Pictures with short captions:
+-------+

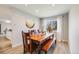 Cozy dining room features a rustic wooden table and bench, ample natural light, and modern decor at 13367 W Montana Pl, Lakewood, CO 80228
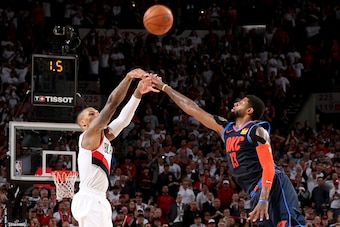 PORTLAND, OR - APRIL 23: Damian Lillard #0 of the Portland Trail Blazers shoots the three point basket over Paul George #13 of the Oklahoma City Thunder to win the game as time expires during Game Five of Round One of the 2019 NBA Playoffs on April 23, 20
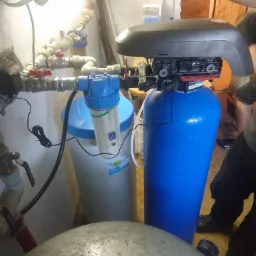 Instalacja filtrów do uzdatniania wody z widocznymi rurami, zaworami i elementami sterującymi, w trakcie montażu przez instalatora.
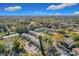 Aerial view of a community with numerous houses and trees at 40 Moree Loop # 1, Winter Springs, FL 32708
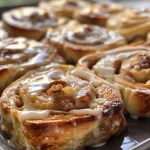 ['Close-up view of soft-baked apple cinnamon rolls topped with cream cheese frosting.', 'Side view of freshly baked apple cinnamon rolls, drizzled with icing and garnished with pecans.', 'Juicy, golden-brown apple cinnamon rolls displayed on a plate, showcasing their fluffy texture.', 'Warm, soft apple cinnamon rolls filled with diced apples, cinnamon, and sugar.']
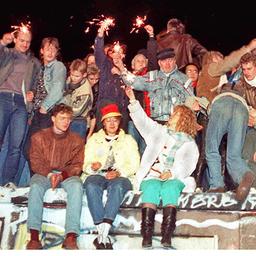 Menschen sitzen am 10. November 1989 auf der Berliner Mauer und feiern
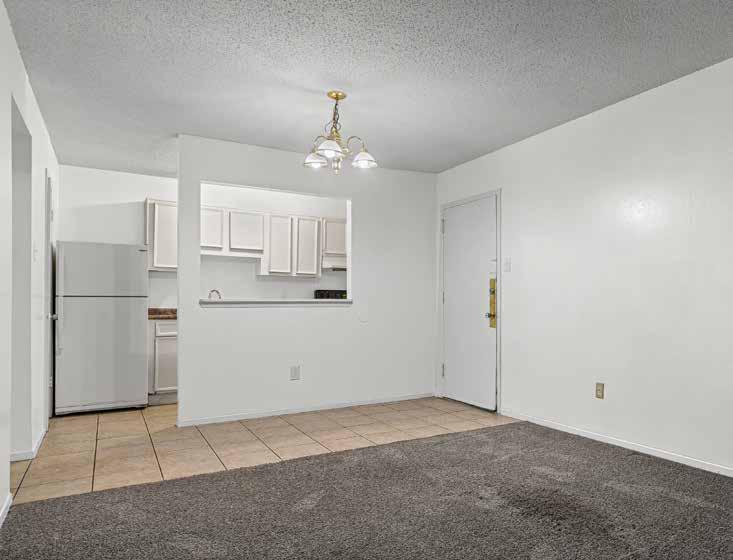 Dining area and kitchen pass-through in a one-bedroom apartment at Oak Hollow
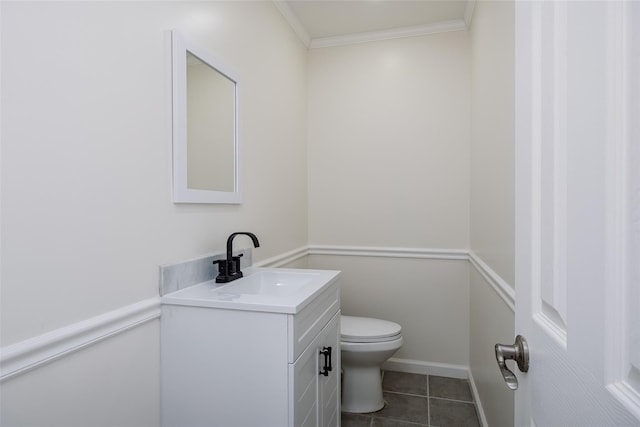 half bathroom with toilet, ornamental molding, vanity, and tile patterned flooring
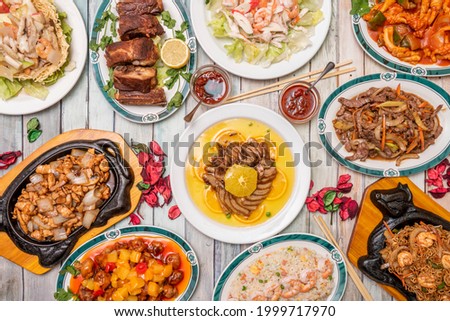 Top view image of popular Chinese dish set of orange duck, tres delicias rice with prawns, fried ribs, sweet and sour pork, beef with bamboo and mushroom shiitake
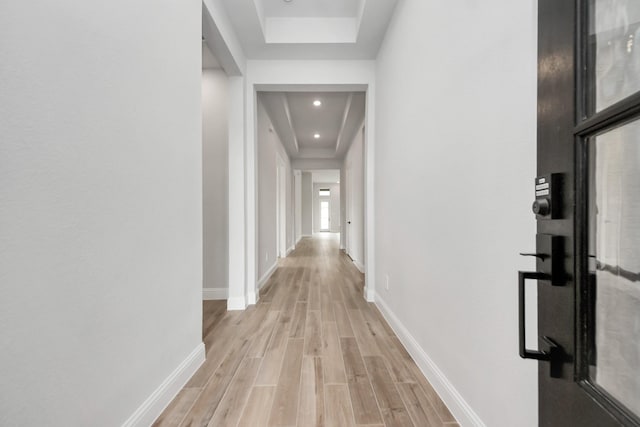 corridor with baseboards, a tray ceiling, recessed lighting, and light wood-style flooring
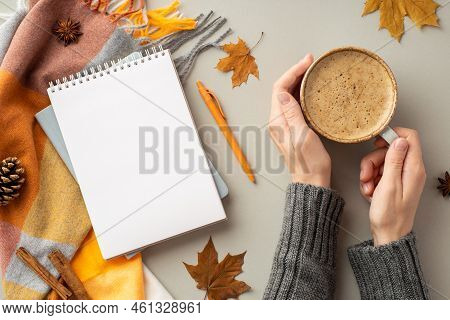 First Person Top View Photo Of Female Hands In Sweater Holding Cup Of Coffee Notepad Pen Plaid Yello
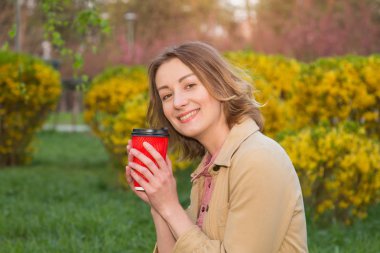 Sabah kahvenizi temiz havada iç. Çiçek açan yeşil bir parkın arka planında elinde bir bardak sıcak çay tutan neşeli bir kadının portresi.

+-------+

## What is being asked
Transcribe each record exactly as it stands, setting aside any pictures.

## Answer to the problem
 Cozy dining room features a rustic wooden table and bench, ample natural light, and modern decor at 13367 W Montana Pl, Lakewood, CO 80228
 PORTLAND, OR - APRIL 23: Damian Lillard #0 of the Portland Trail Blazers shoots the three point basket over Paul George #13 of the Oklahoma City Thunder to win the game as time expires during Game Five of Round One of the 2019 NBA Playoffs on April 23, 20
 Instalacja filtrów do uzdatniania wody z widocznymi rurami, zaworami i elementami sterującymi, w trakcie montażu przez instalatora.
 Aerial view of a community with numerous houses and trees at 40 Moree Loop # 1, Winter Springs, FL 32708
 ['Close-up view of soft-baked apple cinnamon rolls topped with cream cheese frosting.', 'Side view of freshly baked apple cinnamon rolls, drizzled with icing and garnished with pecans.', 'Juicy, golden-brown apple cinnamon rolls displayed on a plate, showcasing their fluffy texture.', 'Warm, soft apple cinnamon rolls filled with diced apples, cinnamon, and sugar.']
 Menschen sitzen am 10. November 1989 auf der Berliner Mauer und feiern
 Dining area and kitchen pass-through in a one-bedroom apartment at Oak Hollow
 half bathroom with toilet, ornamental molding, vanity, and tile patterned flooring
 Top view image of popular Chinese dish set of orange duck, tres delicias rice with prawns, fried ribs, sweet and sour pork, beef with bamboo and mushroom shiitake
 corridor with baseboards, a tray ceiling, recessed lighting, and light wood-style flooring
 First Person Top View Photo Of Female Hands In Sweater Holding Cup Of Coffee Notepad Pen Plaid Yello
 Sabah kahvenizi temiz havada iç. Çiçek açan yeşil bir parkın arka planında elinde bir bardak sıcak çay tutan neşeli bir kadının portresi.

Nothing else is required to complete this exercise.